注意：為了正確保存輸出文件，您可能需要根據storage_profiles/default.yamldocker-compose.yml

構建并運行 Docker 容器

使用 Docker Compose 構建并運行 Docker 容器：

docker-compose up --build

... 對于 GPU 支持，請運行：

docker-compose -f docker-compose.gpu.yml -p text-extract-api-gpu up --build

注意：在 Mac 上時 - Docker 不支持 Apple GPU。在這種情況下，您可能希望在沒有 Docker Compose 的情況下以本機方式運行應用程序，請查看如何使用 GPU 支持以本機方式運行它

這將啟動以下服務：

FastAPI App：運行 FastAPI 應用程序。
Celery Worker：處理異步 OCR 任務。
Redis：緩存 OCR 結果。
Ollama：運行 Ollama 模型。

云 - 付費版

如果本地太麻煩，請向我們詢問 text-extract-api 的托管/云版本，我們可以為您設置，只需按使用量付費。

CLI 工具

注意：在 Mac 上時，您可能需要先創建虛擬 Python 環境：

python3 -m venv .venvsource .venv/bin/activate# now you've got access to `python` and `pip` within your virutal env.pip install -e . # install main project requirements

該項目包括一個用于與 API 交互的 CLI。要使其正常工作，請先運行：

cd client
pip install -e .

拉取 LLama3.1 和 LLama3.2-vision 模型

您可能希望測試 LLama 支持的不同模型

python client/cli.py llm_pull --model llama3.1
python client/cli.py llm_pull --model llama3.2-vision

這些模型是支持的大多數功能所必需的。text-extract-api

上傳 OCR 文件（轉換為 Markdown）

python client/cli.py ocr_upload --file examples/example-mri.pdf --ocr_cache

或者

python client/cli.py ocr_request --file examples/example-mri.pdf --ocr_cache

不同之處在于，第一次調用使用 - multipart form data upload，第二次調用是通過 base64 編碼的 JSON 屬性發送文件的請求 - 可能更適合較小的文件。
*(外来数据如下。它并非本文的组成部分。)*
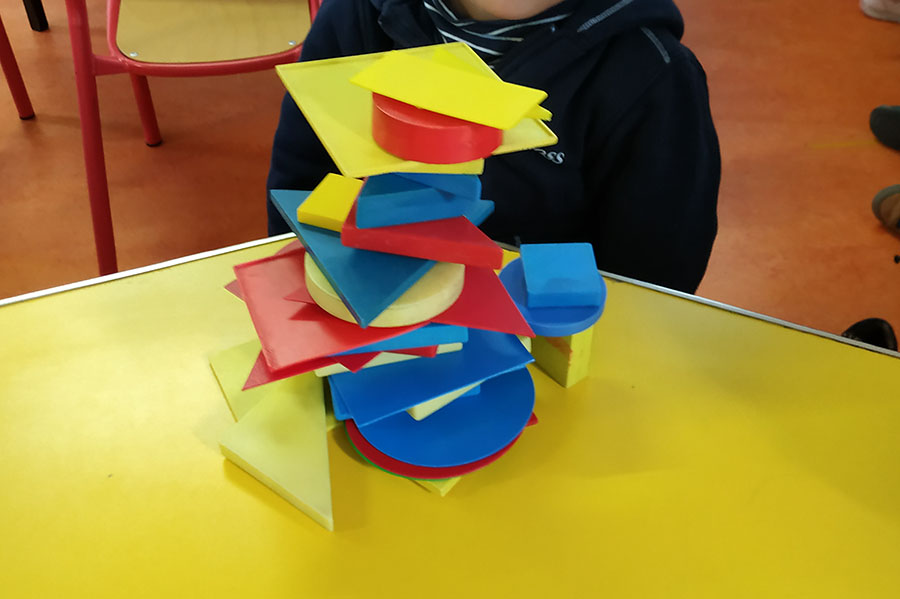 Les ateliers jeux de construction : explorer des formes des grandeurs et des suites organisées
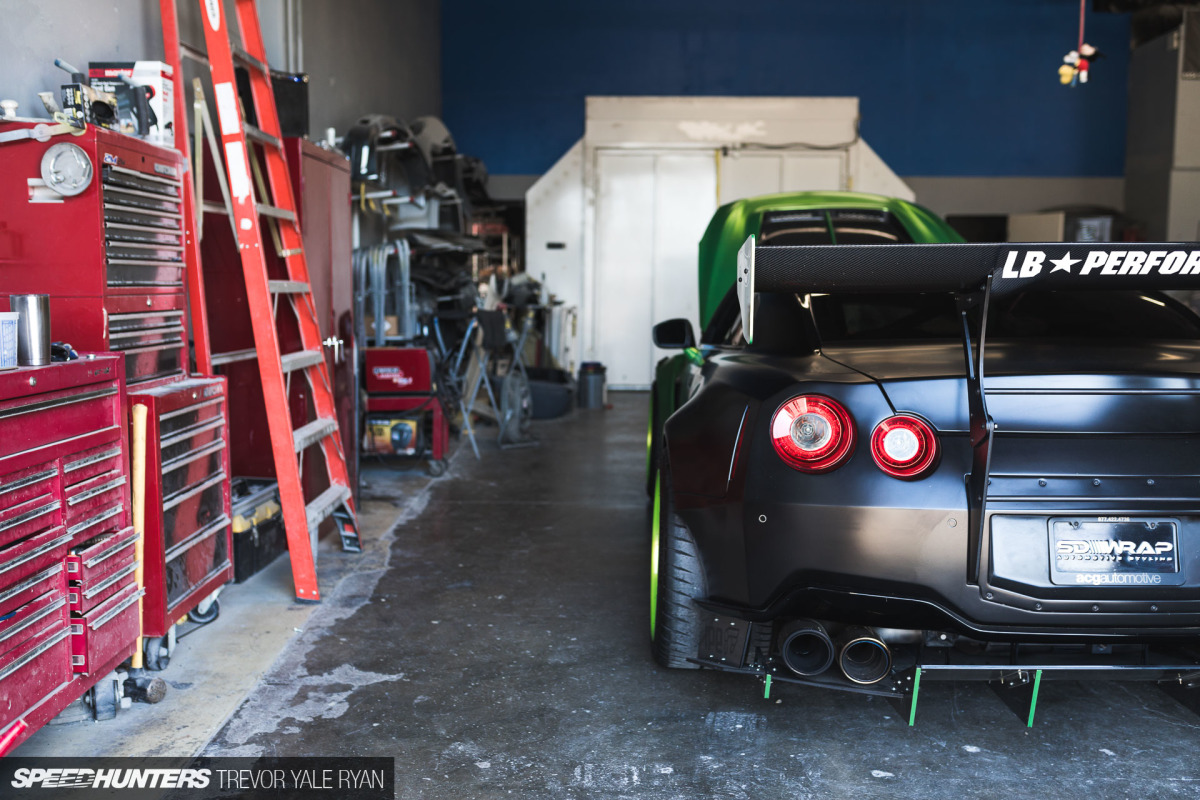 2018-SH_SEMA-Preview-BMW-Z4-GT3_Trevor-Ryan-016_1657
ocr/uploadocr/request

上傳用于 OCR 的文件（由 LLM 處理）

重要提示：要使用 LLM，您必須首先運行 llm_pull 以獲取請求所需的特定模型。

例如，您必須運行：

python client/cli.py llm_pull --model llama3.1
python client/cli.py llm_pull --model llama3.2-vision

并且僅在運行此特定提示查詢之后：

python client/cli.py ocr_upload --file examples/example-mri.pdf --ocr_cache --prompt_file=examples/example-mri-remove-pii.txt --language en

注意： language 參數用于 OCR 策略，以加載所選語言的模型權重。您可以將多種語言指定為列表：等。en,de,pl

該命令可以使用：ocrstorage_profiles

storage_profile：用于保存結果 - 默認使用配置文件（）;如果未保存空文件default./storage_profiles/default.yaml
storage_filename：輸出文件名 - 存儲配置文件中集合的相對路徑 - 默認情況下是文件夾的相對路徑;可以使用占位符進行動態格式化：，，， - 用于日期格式，，， - 用于時間格式root_path/storage{file_name}{file_extension}{Y}{mm}{dd}{HH}{MM}{SS}

上傳文件進行 OCR（由 LLM 處理），將結果存儲在磁盤上

python client/cli.py ocr_upload --file examples/example-mri.pdf --ocr_cache --prompt_file=examples/example-mri-remove-pii.txt  --storage_filename "invoices/{Y}/{file_name}-{Y}-{mm}-{dd}.md"

按任務 ID 獲取 OCR 結果

python client/cli.py result --task_id {your_task_id_from_upload_step}

列出存檔的文件結果`storage_profile`

python client/cli.py list_files

要使用特定（在本例中）存儲配置文件，請運行：google drive

python client/cli.py list_files  --storage_profile gdrive

加載存檔的文件結果`storage_profile`

python client/cli.py load_file --file_name "invoices/2024/example-invoice-2024-10-31-16-33.md"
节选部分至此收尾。